A, B, Treatment history of Pt-12, Pt-65 and flow analysis of their diagnosis (Dx) and relapse (Rl) specimens. In the CD45/SSC plots, Mono, Prim and Lym gates identify monocytic, primitive and lymphocytic populations, respectively. The CD34/CD117 and CD68/CD11b plots show immunophenotype of the gated primitive subpopulations in blue and monocytic subpopulations in red. Arrows highlight populations of interest. Clinical information of these patients is listed in Supplementary Table S1. C, D, Fish plots showing clonal dynamics in paired diagnosis (Dx) and relapse (Rl) specimens of Pt-12 and Pt-65. Genetic subclones are illustrated by distinct shapes accompanied by their clonal number (1, 2, or 3). Phenotypic subpopulations are illustrated by color as follows: teal indicates primitive phenotype; brown, pink or red indicate monocytic phenotype. For Pt-12, clone 1 presents a primitive phenotype; clone 2 presents a monocytic phenotype. For Pt-65, clone 1 presents a mixed monocytic and primitive phenotype; clone 2 presents a monocytic phenotype; clone 3 is inferred to have a monocytic phenotype as well.
Figure 5.
Figure 5.. Monocytic disease at relapse has activated MLL-specific LSC programs and sustained reliance on MCL1.
A, UMAP plots of single cell RNA-seq data generated from CITE-seq analysis of paired diagnosis (Dx) and relapse (Rl) specimens from Pt-12. Each cluster represents a subpopulation of biologically similar cells clustered by their transcriptome similarity. Each dot within each cluster represents a single cell. Teal indicates cells from diagnosis, Brown indicates cells from relapse. Also see supplementary Fig. S5A,B. B, Clustifyr analysis assigning each cluster to its closest normal hematopoietic lineage counterpart according to their transcriptome similarity. Bar graph comparing relative percentage of each subcluster in diagnosis and relapse specimens. C, Major myeloid subpopulations analyzed in subsequent analyses. D, Gprofiler analysis results showing significantly upregulated gene sets in the “Rl-mono” cluster relative to the “Dx-mono” cluster.
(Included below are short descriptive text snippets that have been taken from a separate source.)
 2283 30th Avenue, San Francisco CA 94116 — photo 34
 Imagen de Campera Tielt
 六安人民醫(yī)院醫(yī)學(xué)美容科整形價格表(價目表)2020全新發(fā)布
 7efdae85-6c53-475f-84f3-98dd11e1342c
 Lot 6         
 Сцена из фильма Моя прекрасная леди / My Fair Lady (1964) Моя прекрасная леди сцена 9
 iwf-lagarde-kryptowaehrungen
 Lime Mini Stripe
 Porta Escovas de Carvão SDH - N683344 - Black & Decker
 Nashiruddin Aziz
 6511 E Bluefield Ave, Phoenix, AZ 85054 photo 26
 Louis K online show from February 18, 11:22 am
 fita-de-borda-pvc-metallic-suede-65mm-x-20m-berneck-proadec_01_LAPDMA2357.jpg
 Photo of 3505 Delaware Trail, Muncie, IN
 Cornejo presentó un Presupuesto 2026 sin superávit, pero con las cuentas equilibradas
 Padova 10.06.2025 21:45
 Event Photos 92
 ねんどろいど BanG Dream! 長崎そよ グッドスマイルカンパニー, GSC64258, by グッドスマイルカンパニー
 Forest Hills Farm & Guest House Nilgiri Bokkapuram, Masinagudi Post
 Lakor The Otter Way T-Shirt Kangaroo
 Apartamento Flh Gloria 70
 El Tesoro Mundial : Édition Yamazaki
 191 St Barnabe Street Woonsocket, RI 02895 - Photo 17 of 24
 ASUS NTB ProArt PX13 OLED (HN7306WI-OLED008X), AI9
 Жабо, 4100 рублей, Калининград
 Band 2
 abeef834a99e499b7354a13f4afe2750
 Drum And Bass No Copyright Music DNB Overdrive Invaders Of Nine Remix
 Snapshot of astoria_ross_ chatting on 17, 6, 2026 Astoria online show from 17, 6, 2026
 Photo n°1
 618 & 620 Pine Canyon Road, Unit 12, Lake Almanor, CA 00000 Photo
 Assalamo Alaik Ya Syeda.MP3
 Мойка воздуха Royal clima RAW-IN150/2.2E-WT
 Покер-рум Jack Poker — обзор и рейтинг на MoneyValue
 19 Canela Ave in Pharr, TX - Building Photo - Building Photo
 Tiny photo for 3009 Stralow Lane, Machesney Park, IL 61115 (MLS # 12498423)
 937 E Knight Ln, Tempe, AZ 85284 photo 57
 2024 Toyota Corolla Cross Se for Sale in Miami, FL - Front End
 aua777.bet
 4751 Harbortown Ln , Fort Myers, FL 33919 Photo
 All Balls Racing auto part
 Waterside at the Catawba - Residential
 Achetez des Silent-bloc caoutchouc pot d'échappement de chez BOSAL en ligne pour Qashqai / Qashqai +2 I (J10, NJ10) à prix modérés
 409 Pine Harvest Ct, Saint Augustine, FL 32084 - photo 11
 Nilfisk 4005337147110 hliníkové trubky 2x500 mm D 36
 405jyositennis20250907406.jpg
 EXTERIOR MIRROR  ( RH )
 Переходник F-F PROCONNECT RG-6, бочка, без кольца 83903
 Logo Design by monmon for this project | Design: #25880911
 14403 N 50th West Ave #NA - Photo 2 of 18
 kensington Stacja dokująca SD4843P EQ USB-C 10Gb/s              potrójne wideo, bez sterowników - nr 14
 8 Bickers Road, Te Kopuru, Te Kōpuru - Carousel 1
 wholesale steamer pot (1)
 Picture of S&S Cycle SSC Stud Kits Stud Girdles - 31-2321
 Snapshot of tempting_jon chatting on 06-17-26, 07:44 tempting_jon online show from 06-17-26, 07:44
E, A heatmap showing relative expression of MLL-specific LSC gene expression signature at single cell resolution. Red indicates strong positive expression of MLL-specific LSC signature; Blue indicates a negative expression pattern suggesting non-LSC nature. F, A heatmap showing relative expression of HOXA9 and MEIS1 at single cell resolution. G,H, Violin plots showing relative expression of HOXA9, MEIS1, BCL2 and MCL1 in different clusters. Each dot represents a single cell.